5M DÖNEMİNDE MARUZ KALINAN İNSANLIK DIŞI DAVRANIŞLAR Birgün gün yüzüne bunlarda çıkacak göz yuman ört pas eden yöneticiler sizler bunun hesabını ama bu dünyada ama öbür dünyada vereceksiniz. Nice gençlerin ailelerin hayallerini işini çaldınız kiminizde bu şekilde hayatını çaldınız. THY’ nin (4 personelin ismi tarafımca silinmiştir) geçici yapmış olduğu depo da yüzlerce insanın saniyelerle ölümden döndüğü konu bile ört bas edildi. Ve niceleri. İşte insanlar şirketin bu tutumundan ötürü tedirgin. Güven duyguları çok zedelenmiş. Çok zor ama dilerim ki zamanla düzelsin.
VE BİR THY ÇALIŞANININ 01 MAYIS 2023 TARİHLİ YAZIMA GÖNDERDİĞİ YORUM: HALİMİZ.
SİTEM VE TEŞEKKÜRLER: HEPSİ BİR ARADA.
Ömer Koray Özbay’ın intihar vakası ile birlikte APH konu ile ilgili 3 haber yaptı. Bu üç haberlere gelen bir yorum bu yazımdaki ilk görselin altında yer alıyor. Sonrakilere bakmadım. Bu anlamda başka yorum da bulamadım.
Lütfen bir bakın. Facebook’a bir bakın. Ve de THY’ de yıllarca önce birlikte çalıştığımız ve kaybettiğimiz arkadaşlarımızla ilgili defin törenlerinden sonra ve anma günlerine gelen notları okuyun. Yüzlerce kişi kardeşlerimizin dostluklarından bahsediyor, rahmet dileğinde bulunuyor, nur içinde yatmasını temenni ediyor. Ben ® Koray için de böyle olmasını bekliyordum.

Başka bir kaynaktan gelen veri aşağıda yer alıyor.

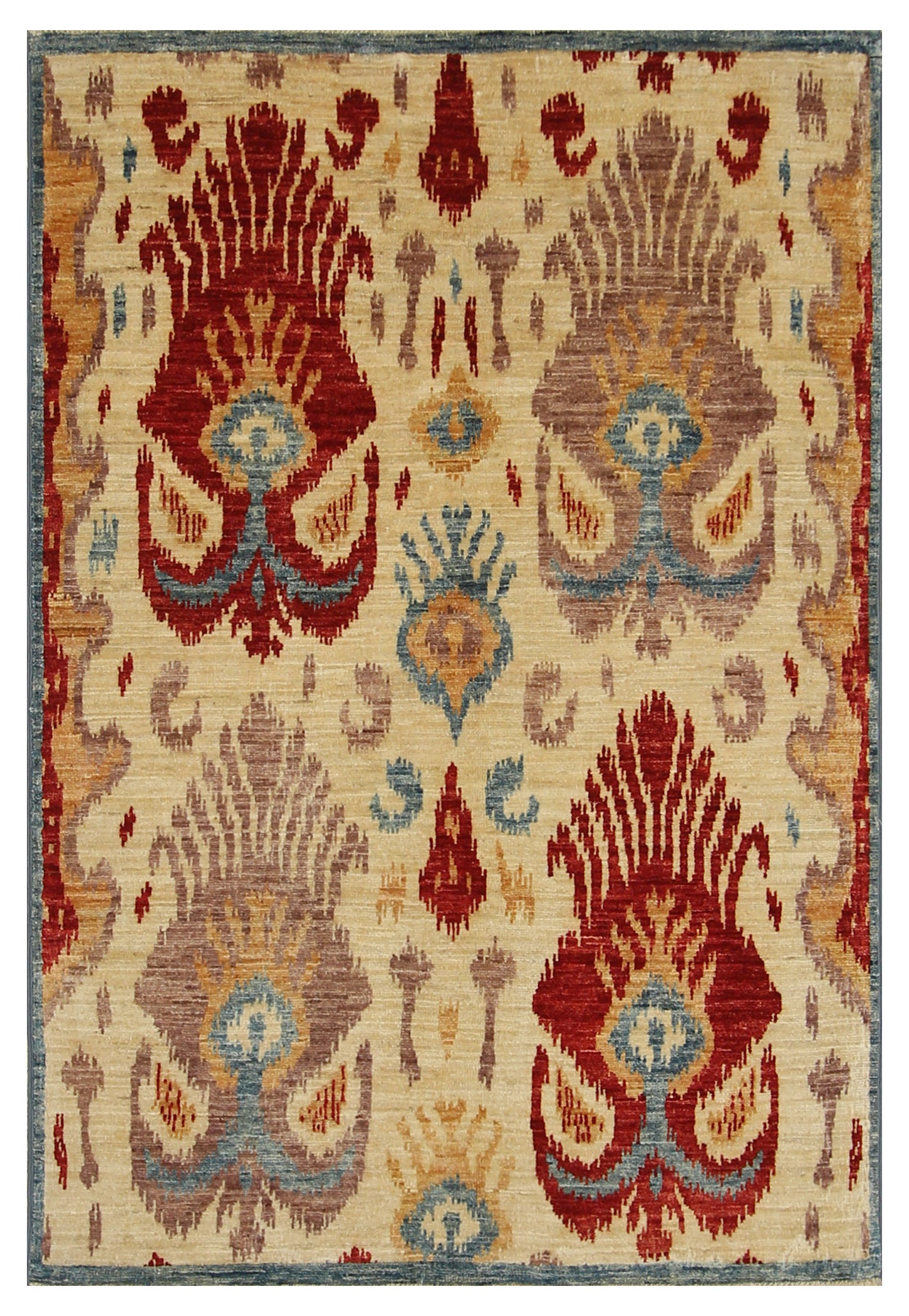 3x5 Beige Ikat Afghan Hand Knotted Rug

Koray kardeşimizle ilgili ilk habere gelen ilk yorumun “yurt dışı görevlilerin maaşları ile ilgili olması tiksindiriciydi”. Yorumu ister arka bahçedekiler yapsın ister ön bahçedekiler. Ben yanılabilirim ama bu yorumun ön bahçedekiler tarafından yapıldığını düşünüyorum. Nedeni basit THY’ nin yurt dışı personelinin, yurt içindekilerle aynı maaşı alması(?) TGS mensuplarını ilgilendiren bir husus değil ki.

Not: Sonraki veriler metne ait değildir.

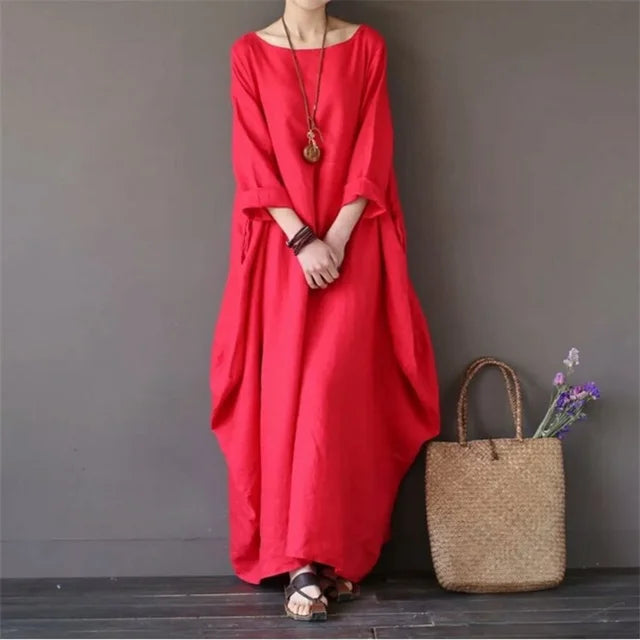 Ivy | Midi Dress With Sleeves Relaxed Fit Design 4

Kardeşimizin cenazesine Airporthaber ve çalışanlarını temsilen iştirak eden Ali Kıdık beye teşekkür ediyorum. Bu arada kendilerinden Koray’ın cenazesine TGS’ de görev yapan arkadaşlarının da katılmış olduklarını da öğrendim. Çok mutlu oldum. Sağ olsunlar. Var olsunlar. Bir teşekkürüm de eski bir çalışanı olan Ömer Koray Özbay’ın acılı ailesini “Bu üzücü konuda bizim hukuki ve vicdani bir hatamız yok, bizden ayrılalı 4-5 sene oldu” diye düşünmeksizin bir anlamda yalnız bırakmayan TGS’nin kadirşinas yöneticilerine.
BU DEFA İNANMAK İSTİYORUM Kİ TÜRK HAVA YOLLARI BU KONUNUN, İNCELEMENİN SONUCUNU KAMUOYU İLE PAYLAŞSIN. BU ZORUNLULUĞU 9000 KM. UZAKTAN UYDURULUP İKİ GÜNDE BURALARA KADAR ULAŞAN MASALLARA HEMEN İNANMADAN VE DE ONLARIN ARKASINA SIĞINMADAN HİSSETSİN VE DE GEREĞİNİ DÜŞÜNSÜN.